> [Records contained in a dataset]
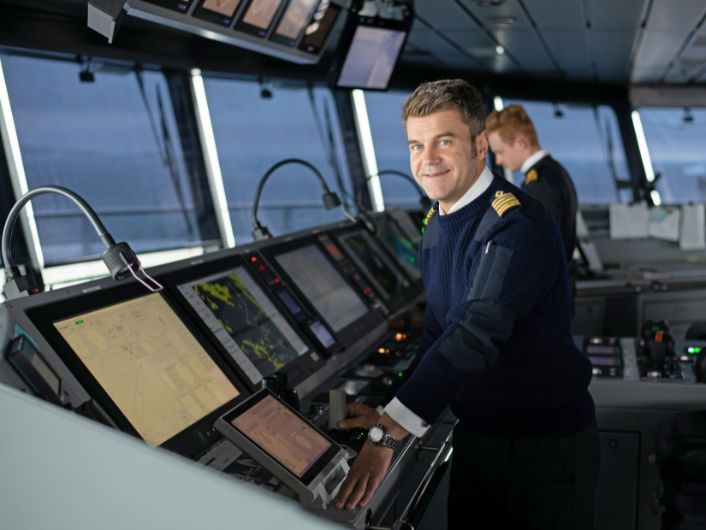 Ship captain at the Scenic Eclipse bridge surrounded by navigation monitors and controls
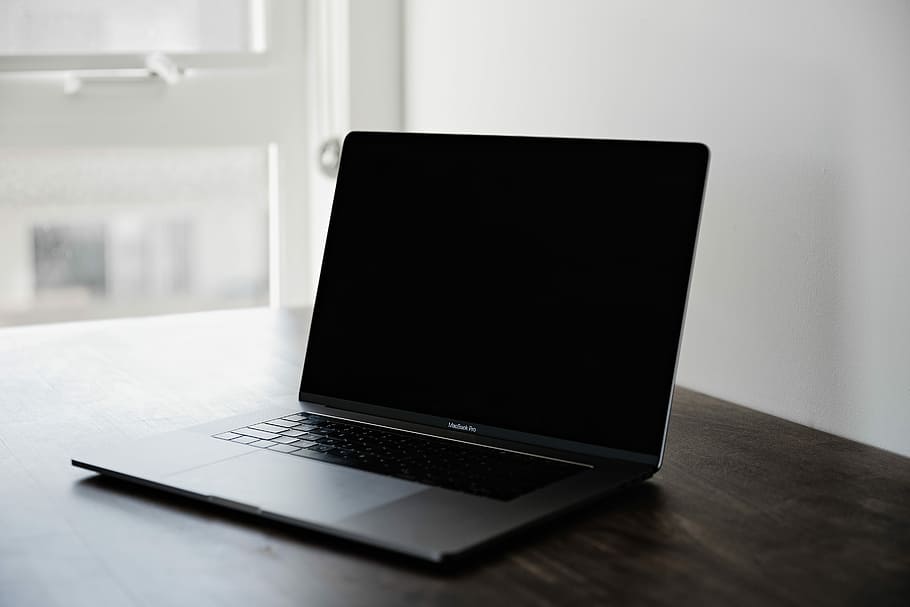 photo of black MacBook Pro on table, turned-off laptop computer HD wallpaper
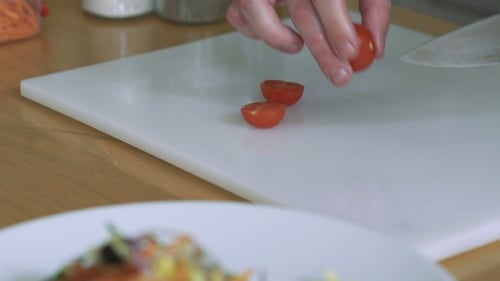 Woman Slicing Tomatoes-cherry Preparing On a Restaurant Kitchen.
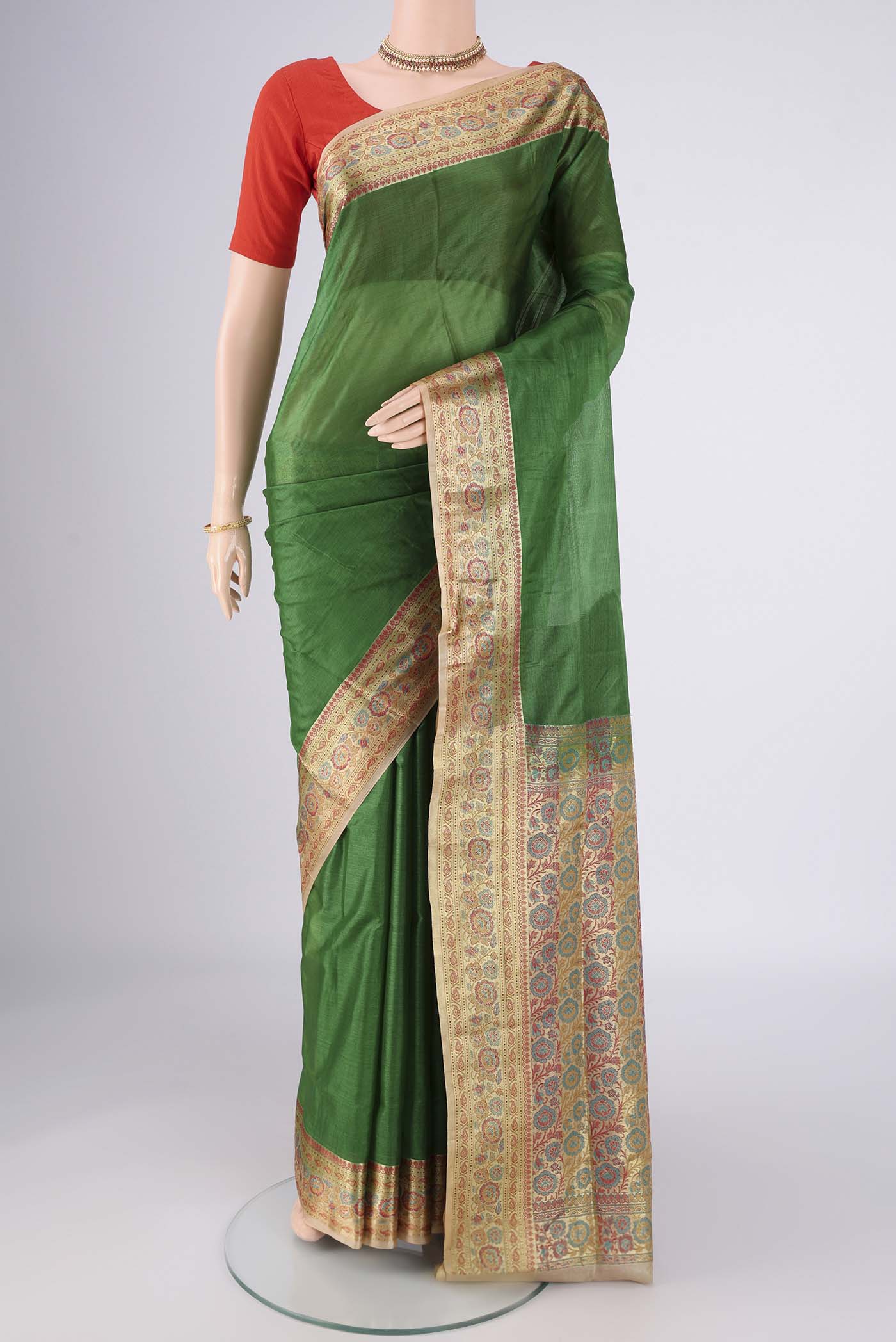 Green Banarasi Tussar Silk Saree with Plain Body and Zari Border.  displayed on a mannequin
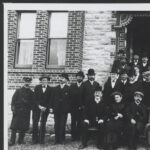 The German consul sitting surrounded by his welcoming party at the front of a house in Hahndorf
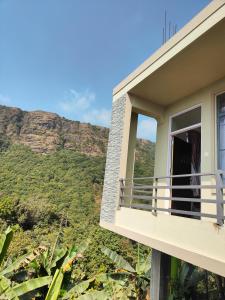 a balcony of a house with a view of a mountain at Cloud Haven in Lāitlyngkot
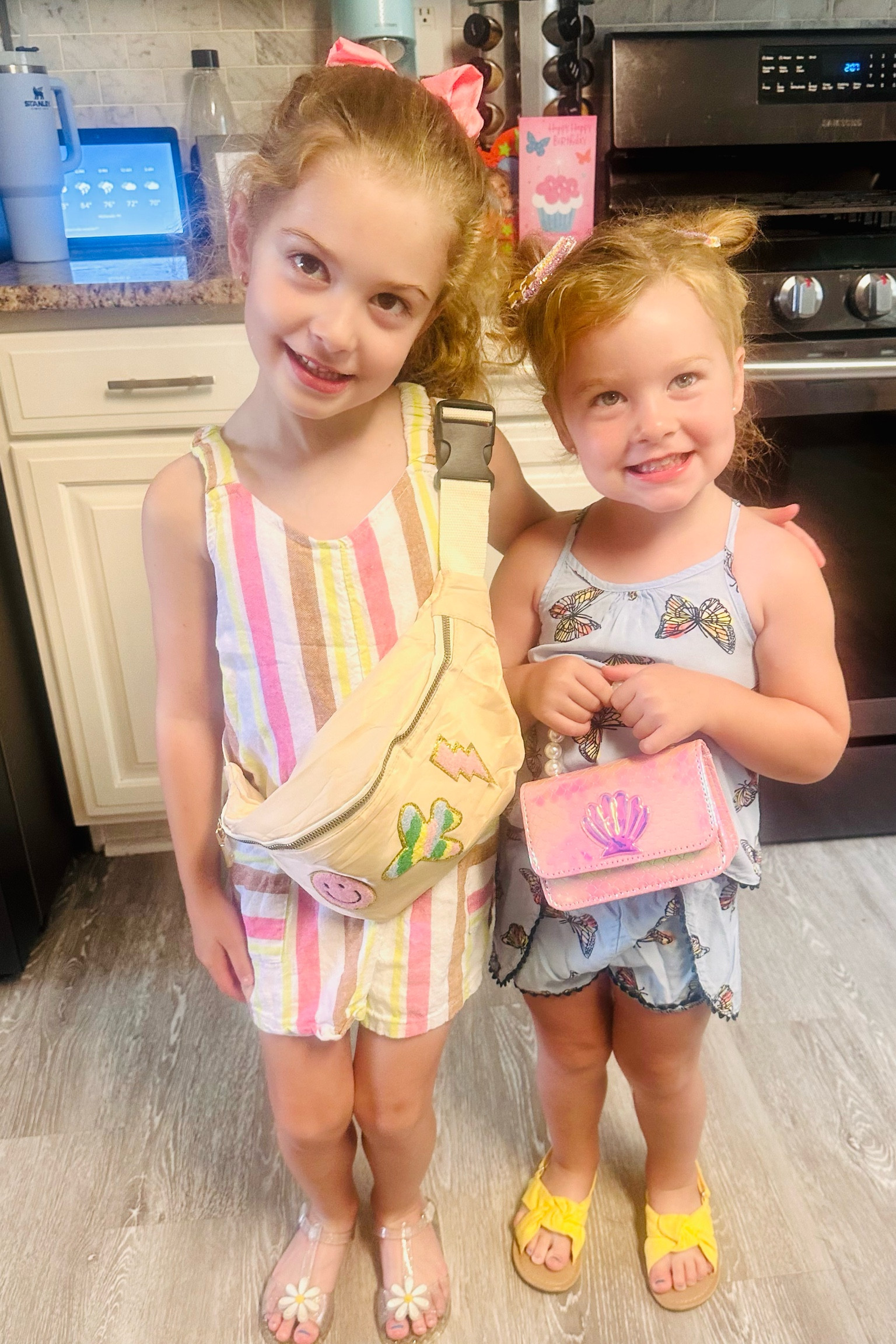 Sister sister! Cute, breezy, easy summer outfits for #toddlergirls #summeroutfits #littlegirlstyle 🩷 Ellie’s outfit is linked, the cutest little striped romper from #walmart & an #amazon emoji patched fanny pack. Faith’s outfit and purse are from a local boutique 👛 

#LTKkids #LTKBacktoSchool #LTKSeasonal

> [TASK GOAL] Please transcribe exactly the line containing "a balcony of" and every later line through the end of the records above, omitting pictures.

> [RESPONSE FOR THIS EXERCISE]
 a balcony of a house with a view of a mountain at Cloud Haven in Lāitlyngkot
 Sister sister! Cute, breezy, easy summer outfits for #toddlergirls #summeroutfits #littlegirlstyle 🩷 Ellie’s outfit is linked, the cutest little striped romper from #walmart & an #amazon emoji patched fanny pack. Faith’s outfit and purse are from a local boutique 👛 

#LTKkids #LTKBacktoSchool #LTKSeasonal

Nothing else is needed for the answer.